INFORMATION GIVEN ::
+ + + + + + +

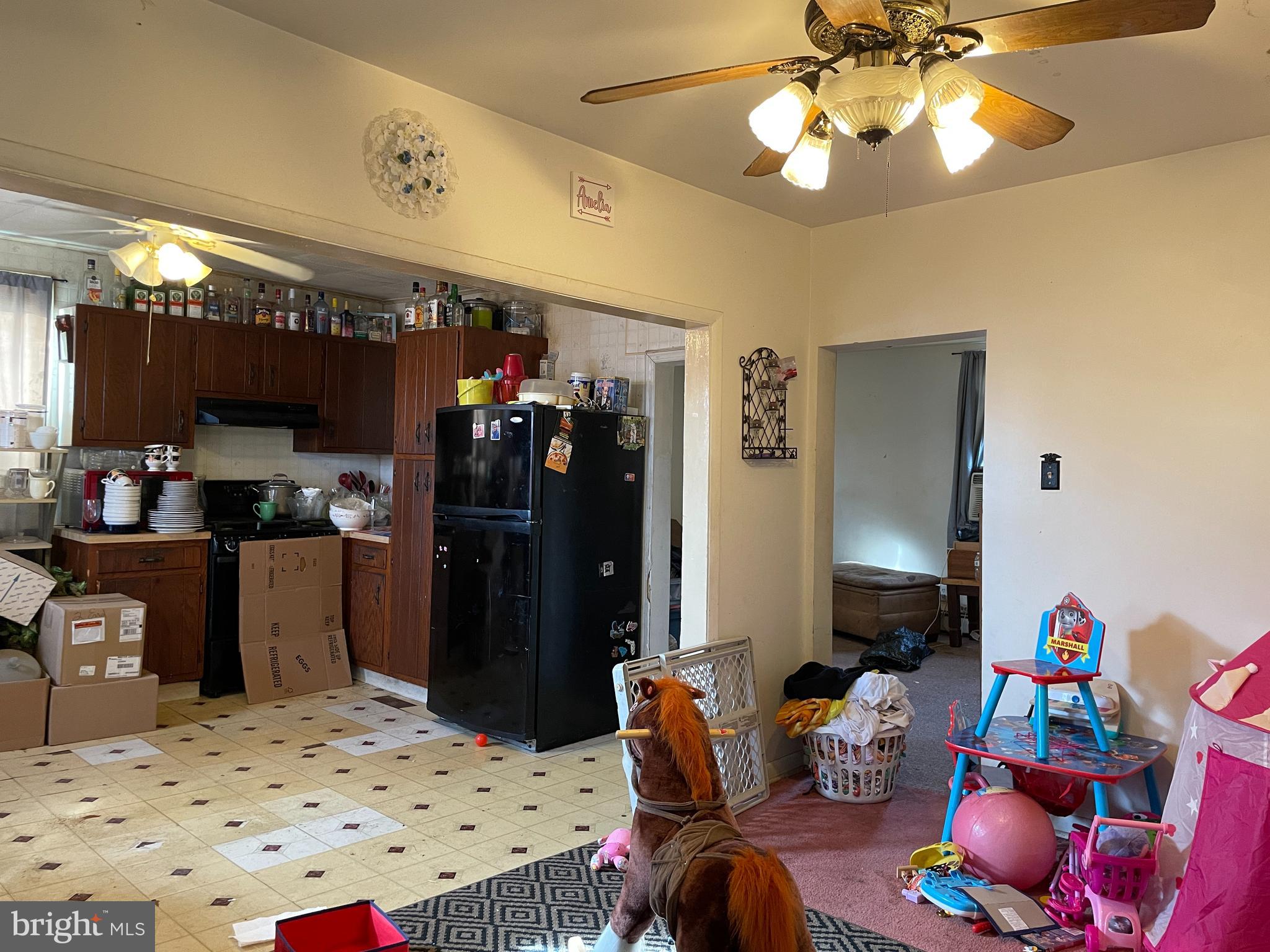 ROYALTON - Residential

+ + + + + + +

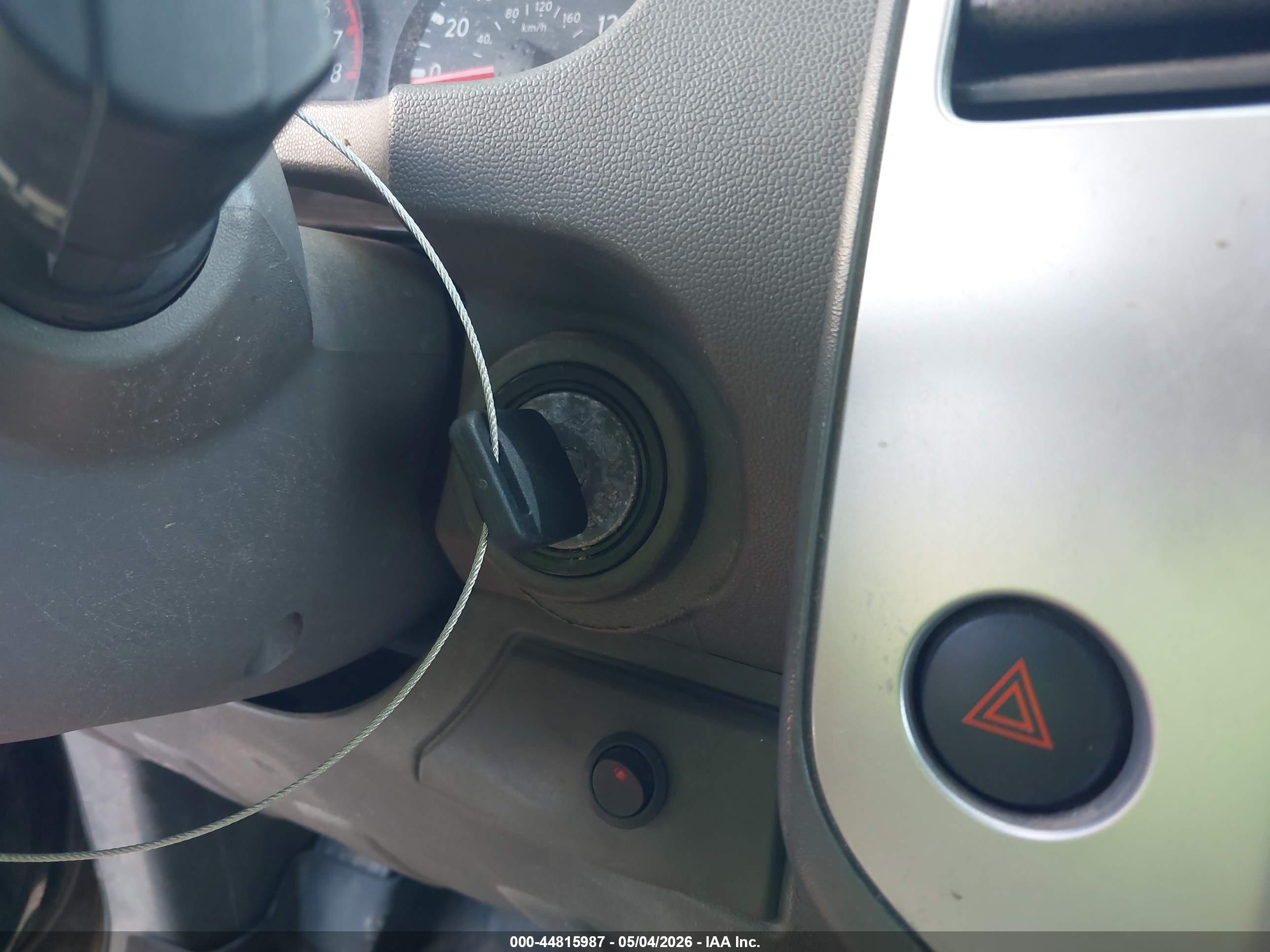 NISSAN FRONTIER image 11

+ + + + + + +

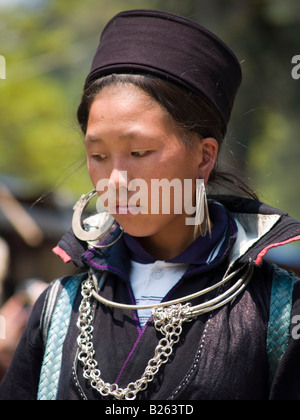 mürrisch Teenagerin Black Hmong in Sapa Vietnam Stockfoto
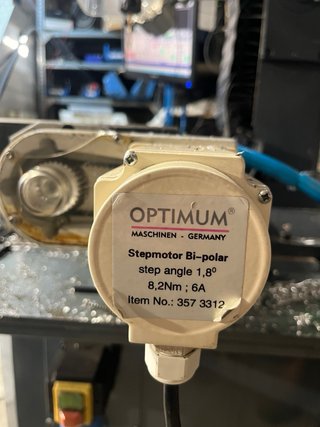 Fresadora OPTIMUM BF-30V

+ + + + + + +

WORK TO BE COMPLETED :: From the records above, extract the lines from the one holding "mürrisch Teenagerin Black" through the one holding "Fresadora OPTIMUM BF-30V", word for word; omit the pictures.

EXERCISE ANSWER ::
 mürrisch Teenagerin Black Hmong in Sapa Vietnam Stockfoto
 Fresadora OPTIMUM BF-30V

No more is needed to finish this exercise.